PROBLEM REQUIREMENTS: Nothing outside the range below should be printed. Output exactly the lines from the line with "XPRS Nutra Cápsulas" to the line with "Akuyaku Reijou no", both included.

##### SUPPLIED DATA

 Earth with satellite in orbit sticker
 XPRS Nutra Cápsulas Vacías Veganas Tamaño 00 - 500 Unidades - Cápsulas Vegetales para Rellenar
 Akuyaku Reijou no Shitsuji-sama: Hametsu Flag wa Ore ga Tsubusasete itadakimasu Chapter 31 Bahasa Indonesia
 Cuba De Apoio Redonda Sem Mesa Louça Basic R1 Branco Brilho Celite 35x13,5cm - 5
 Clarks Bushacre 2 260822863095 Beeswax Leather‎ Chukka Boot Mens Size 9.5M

##########

RESPONSE AREA:
 XPRS Nutra Cápsulas Vacías Veganas Tamaño 00 - 500 Unidades - Cápsulas Vegetales para Rellenar
 Akuyaku Reijou no Shitsuji-sama: Hametsu Flag wa Ore ga Tsubusasete itadakimasu Chapter 31 Bahasa Indonesia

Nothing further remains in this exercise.